• [Task inputs]
--- START ---

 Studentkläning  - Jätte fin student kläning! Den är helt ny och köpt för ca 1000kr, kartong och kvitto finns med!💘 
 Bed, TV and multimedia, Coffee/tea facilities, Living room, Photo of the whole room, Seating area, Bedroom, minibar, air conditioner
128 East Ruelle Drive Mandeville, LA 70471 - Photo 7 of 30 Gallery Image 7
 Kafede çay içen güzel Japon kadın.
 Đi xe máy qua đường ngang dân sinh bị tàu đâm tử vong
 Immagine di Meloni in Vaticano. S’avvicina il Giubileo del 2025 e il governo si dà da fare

--- END ---
--- START ---

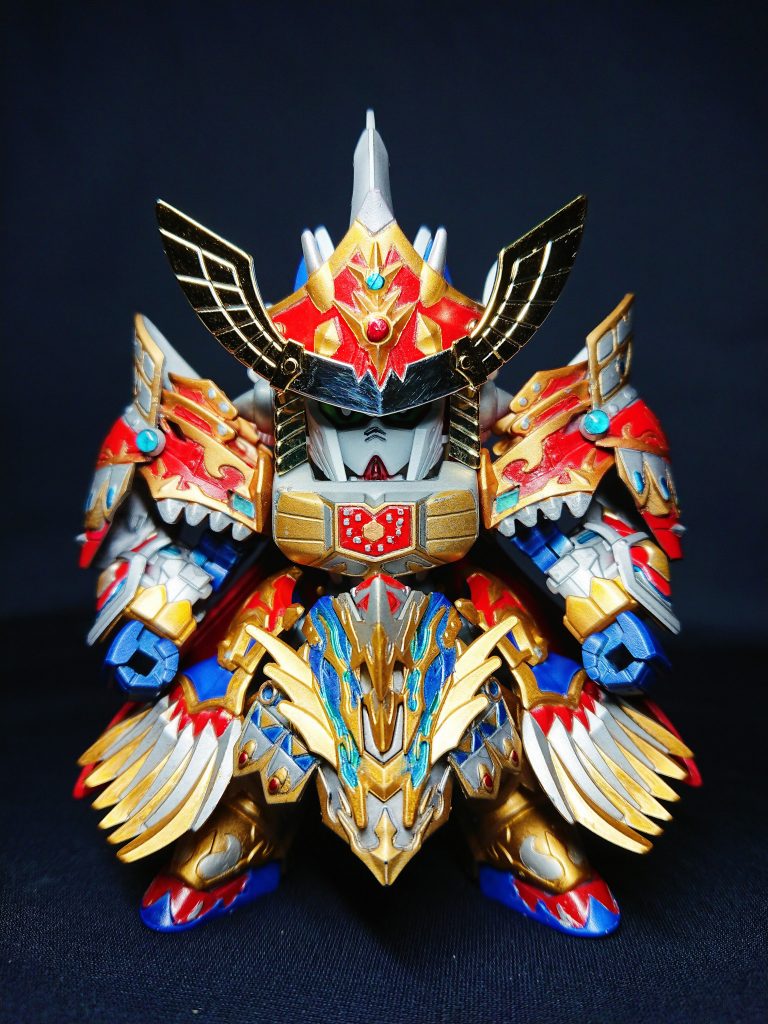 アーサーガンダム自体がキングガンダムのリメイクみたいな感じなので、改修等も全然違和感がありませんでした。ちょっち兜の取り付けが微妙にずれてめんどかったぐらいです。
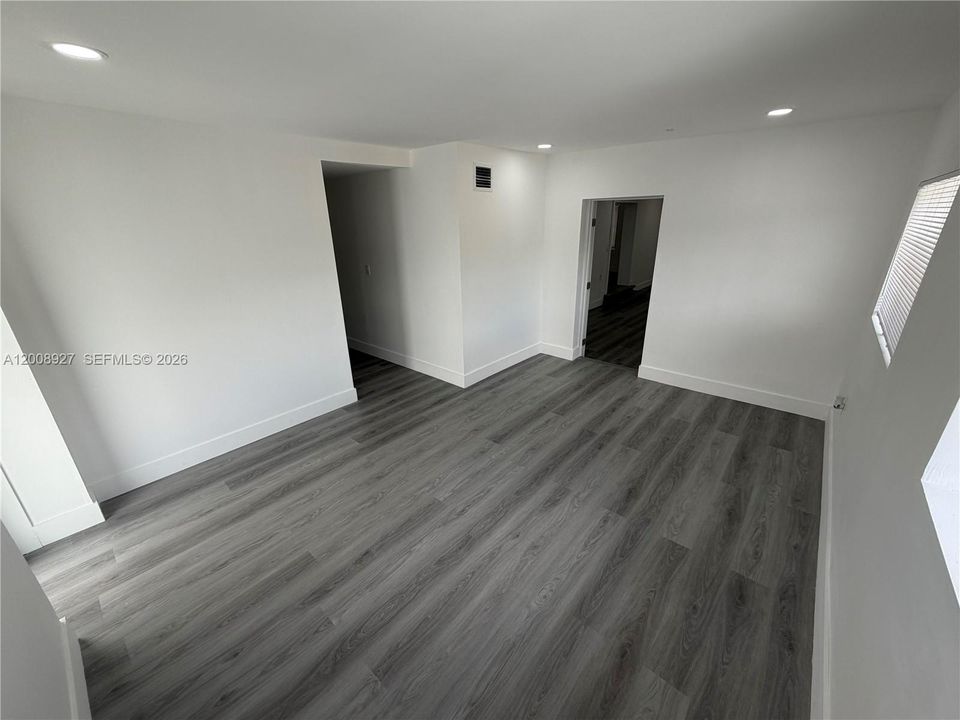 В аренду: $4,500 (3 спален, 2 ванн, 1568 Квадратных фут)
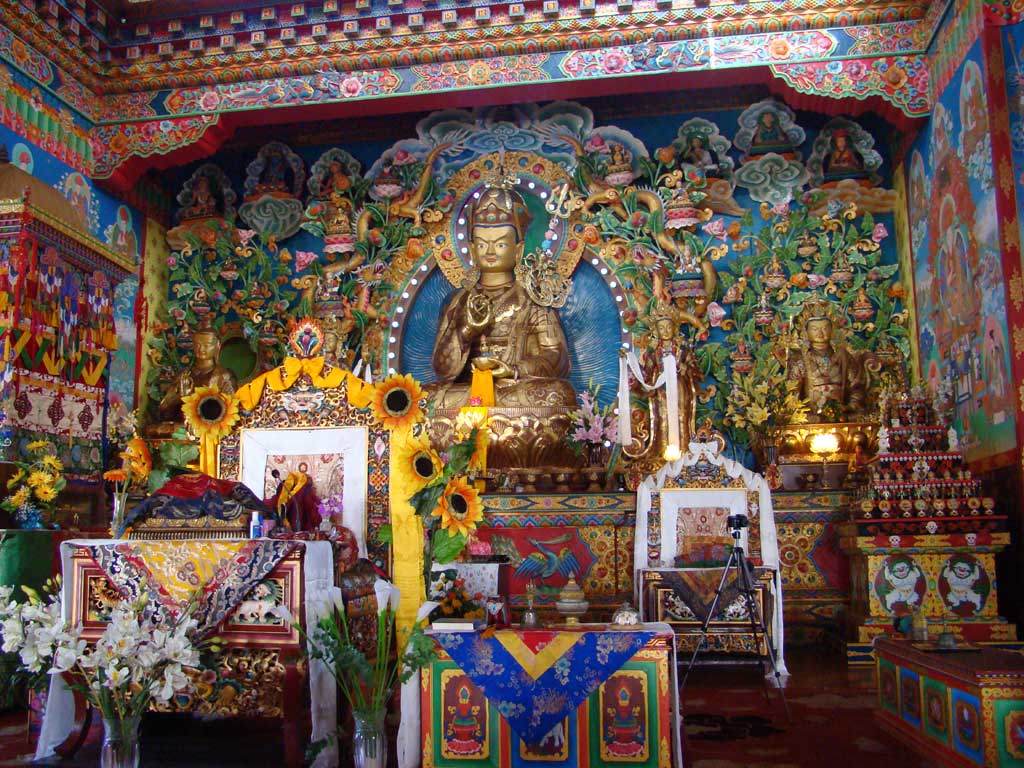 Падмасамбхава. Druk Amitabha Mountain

--- END ---

• [Aim of the exercise] Everything above from the line containing "kvitto finns med!💘" down to the line containing "Immagine di Meloni" is to be transcribed exactly, with both of those lines included and nothing else added.

• [Response to this exercise]
 Studentkläning  - Jätte fin student kläning! Den är helt ny och köpt för ca 1000kr, kartong och kvitto finns med!💘 
 Bed, TV and multimedia, Coffee/tea facilities, Living room, Photo of the whole room, Seating area, Bedroom, minibar, air conditioner
128 East Ruelle Drive Mandeville, LA 70471 - Photo 7 of 30 Gallery Image 7
 Kafede çay içen güzel Japon kadın.
 Đi xe máy qua đường ngang dân sinh bị tàu đâm tử vong
 Immagine di Meloni in Vaticano. S’avvicina il Giubileo del 2025 e il governo si dà da fare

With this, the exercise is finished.